REPUBLIKA.CO.ID, Sejak kelahirannya 14 Mei 1948, Negara Israel secara tegas menyatakan bahwa salah satu dasar pendirian Negara tersebut adalah hak sejarah (historical right).
Mereka merasa berhak atas wilayah yang mereka tinggalkan sekitar 1900 tahun yang lalu, sebab mereka pernah berkuasa dalam beberapa periode di wilayah yang juga mencakup Yerussalem Timur itu.
Sebagai implementasinya, mereka sejak awal-awal pendirian Negara mengesahkan hukum Kembali (law of return), yakni hak setiap orang yang memiliki nenek atau kakek Yahudi untuk menjadi warga Negara Israel secara otomatis begitu mereka tiba di Israel.
Kaitan masa lalu juga ternyatakan secara simbolik namun cukup jelas dalam lambang Negara Menorah. Mengutip wikipeedia, menorah adalah kata bahasa Ibrani untuk kandil atau kaki dian disebut juga "kaki pelita" atau "pelita" saja; bahasa Ibrani: מנורה - menôrâh.
Dalam rangka pembangunan kemah suci memerintahkan untuk membuat sebuah "menorah", yaitu "kandil" atau "kaki pelita", berhias terbuat dari emas. Sidang Parlemen Sementara Israel pada 1948, menyuarakan harus ada hubungan yang tegas antara masa lalu dan sekarang.
Israel modern dalam logika ini adalah kontinuitas sejarah dari kekuasaan Israel Kuno. Menorah adalah sarana ritual Yahudi yang ditempatkan pada holy of holiest yakni ruang utama kuil Sulaiman. Penopang Menorah pun harus ada kaitan dengan Raja Titus Romawi yang memuluhlantahkan Yahudi di Yerussalem tahun 70 Masehi dengan maksud memberikan arti bahwa Israel sekarang tak lain adalah kebangkitan Israel Kuno yang dihancurkan tersebut.

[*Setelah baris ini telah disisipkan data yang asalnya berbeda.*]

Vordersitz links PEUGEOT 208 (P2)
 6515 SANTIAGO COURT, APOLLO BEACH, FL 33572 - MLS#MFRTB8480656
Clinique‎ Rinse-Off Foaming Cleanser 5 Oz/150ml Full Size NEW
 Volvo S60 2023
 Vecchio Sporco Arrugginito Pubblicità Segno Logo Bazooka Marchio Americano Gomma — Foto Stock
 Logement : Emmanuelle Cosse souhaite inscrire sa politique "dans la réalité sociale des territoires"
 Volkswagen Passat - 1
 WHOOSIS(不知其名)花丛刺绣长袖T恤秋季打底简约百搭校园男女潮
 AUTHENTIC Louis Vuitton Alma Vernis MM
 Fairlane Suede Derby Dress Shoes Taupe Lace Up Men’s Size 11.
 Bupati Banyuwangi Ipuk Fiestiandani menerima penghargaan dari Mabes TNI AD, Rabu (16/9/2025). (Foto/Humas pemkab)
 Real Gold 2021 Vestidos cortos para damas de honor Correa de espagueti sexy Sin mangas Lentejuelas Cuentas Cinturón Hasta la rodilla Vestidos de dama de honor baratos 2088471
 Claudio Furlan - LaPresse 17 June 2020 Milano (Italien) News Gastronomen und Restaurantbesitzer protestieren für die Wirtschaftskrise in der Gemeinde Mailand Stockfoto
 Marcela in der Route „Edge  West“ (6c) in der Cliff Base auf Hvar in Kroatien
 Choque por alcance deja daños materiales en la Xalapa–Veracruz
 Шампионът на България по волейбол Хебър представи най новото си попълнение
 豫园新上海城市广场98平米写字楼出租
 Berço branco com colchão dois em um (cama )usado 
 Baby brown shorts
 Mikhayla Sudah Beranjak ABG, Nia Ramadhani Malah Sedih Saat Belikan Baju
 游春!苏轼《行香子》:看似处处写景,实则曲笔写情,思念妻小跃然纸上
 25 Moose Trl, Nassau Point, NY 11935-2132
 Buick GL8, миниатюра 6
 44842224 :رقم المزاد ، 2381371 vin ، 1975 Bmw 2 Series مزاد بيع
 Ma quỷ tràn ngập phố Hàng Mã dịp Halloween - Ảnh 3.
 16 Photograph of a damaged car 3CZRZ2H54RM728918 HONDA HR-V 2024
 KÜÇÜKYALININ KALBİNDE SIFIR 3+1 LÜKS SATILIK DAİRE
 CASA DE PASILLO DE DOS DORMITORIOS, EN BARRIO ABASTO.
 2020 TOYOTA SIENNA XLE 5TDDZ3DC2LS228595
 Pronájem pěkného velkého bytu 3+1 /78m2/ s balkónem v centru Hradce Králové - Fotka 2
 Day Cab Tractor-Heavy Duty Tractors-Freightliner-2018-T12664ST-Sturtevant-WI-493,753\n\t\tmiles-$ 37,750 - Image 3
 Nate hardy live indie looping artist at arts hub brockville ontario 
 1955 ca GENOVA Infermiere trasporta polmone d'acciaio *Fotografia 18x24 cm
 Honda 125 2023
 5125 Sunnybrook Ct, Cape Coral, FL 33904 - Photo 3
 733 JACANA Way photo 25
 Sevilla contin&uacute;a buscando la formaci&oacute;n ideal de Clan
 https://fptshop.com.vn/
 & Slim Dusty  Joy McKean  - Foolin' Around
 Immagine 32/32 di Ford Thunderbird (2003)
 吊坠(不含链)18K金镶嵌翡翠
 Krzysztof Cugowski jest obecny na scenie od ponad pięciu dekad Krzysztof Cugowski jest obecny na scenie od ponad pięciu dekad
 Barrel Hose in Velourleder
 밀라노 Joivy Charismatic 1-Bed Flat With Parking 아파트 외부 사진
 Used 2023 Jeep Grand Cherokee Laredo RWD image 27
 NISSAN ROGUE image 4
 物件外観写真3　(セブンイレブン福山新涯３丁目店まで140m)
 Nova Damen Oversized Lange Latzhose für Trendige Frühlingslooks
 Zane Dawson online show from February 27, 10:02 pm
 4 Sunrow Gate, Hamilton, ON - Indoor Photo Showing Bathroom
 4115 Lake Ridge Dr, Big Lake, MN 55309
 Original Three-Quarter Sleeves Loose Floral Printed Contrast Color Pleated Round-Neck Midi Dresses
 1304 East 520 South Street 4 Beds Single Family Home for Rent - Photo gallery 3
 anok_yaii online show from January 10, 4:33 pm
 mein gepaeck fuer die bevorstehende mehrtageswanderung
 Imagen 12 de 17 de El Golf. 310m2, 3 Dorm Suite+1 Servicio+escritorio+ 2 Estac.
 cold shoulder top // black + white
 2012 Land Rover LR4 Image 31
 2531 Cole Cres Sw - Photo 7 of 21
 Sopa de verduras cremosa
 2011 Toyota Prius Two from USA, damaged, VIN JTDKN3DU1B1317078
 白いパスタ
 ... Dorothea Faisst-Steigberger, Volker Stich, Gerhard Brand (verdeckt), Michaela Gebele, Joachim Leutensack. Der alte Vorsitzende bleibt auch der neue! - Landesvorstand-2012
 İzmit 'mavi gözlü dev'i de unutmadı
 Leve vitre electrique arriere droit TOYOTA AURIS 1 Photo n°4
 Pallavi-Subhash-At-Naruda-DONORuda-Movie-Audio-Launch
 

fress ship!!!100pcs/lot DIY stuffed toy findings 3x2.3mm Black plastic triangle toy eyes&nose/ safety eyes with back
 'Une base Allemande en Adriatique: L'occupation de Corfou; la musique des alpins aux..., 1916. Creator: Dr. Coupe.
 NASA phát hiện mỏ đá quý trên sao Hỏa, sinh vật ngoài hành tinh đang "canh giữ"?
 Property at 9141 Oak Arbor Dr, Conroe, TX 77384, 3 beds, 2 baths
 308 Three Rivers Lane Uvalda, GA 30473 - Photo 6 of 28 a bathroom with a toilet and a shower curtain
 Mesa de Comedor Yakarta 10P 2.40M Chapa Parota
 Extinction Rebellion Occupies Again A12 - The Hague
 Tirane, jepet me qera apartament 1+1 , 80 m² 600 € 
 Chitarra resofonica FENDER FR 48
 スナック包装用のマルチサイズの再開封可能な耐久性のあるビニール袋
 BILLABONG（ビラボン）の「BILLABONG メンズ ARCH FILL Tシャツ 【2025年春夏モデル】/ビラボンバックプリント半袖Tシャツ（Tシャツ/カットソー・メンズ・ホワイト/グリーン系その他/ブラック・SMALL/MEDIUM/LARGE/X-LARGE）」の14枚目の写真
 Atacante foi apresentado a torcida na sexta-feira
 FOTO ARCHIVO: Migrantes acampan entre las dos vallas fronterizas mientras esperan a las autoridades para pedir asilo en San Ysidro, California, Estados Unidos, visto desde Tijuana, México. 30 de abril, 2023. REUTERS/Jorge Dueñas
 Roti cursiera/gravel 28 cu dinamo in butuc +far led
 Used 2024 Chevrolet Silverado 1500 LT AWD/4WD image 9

Romantisme ekstem inilah barangkali salah satu faktor penjelas bagi ambisi Israel mengubah Yerussalem menjadi Yahudi. Mereka memaksakan masa lalu itu hadir “sempurna” di masa sekarang dengan menggunakan hampir segala cara. Mereka tidak bersedia mengakui realitas yang telah berubah, padahal perubahan adalah sesuatu yang niscaya.
Pada 2007 lalu misalnya, Israel menggelontorkan anggaran 1,45 miliar dolar AS untuk menciptakan realitas Yahudi di Yerussalem. Jumlah itu luar biasa besar apabila menilik luas wilayah dan jumlah penduduk kota suci itu. Pengalaman menunjukkan secara jelas bahwa politik Israel untuk menciptakan realitas di Yerussalem selama ini selalu menjadi penghambat proses perdamaian.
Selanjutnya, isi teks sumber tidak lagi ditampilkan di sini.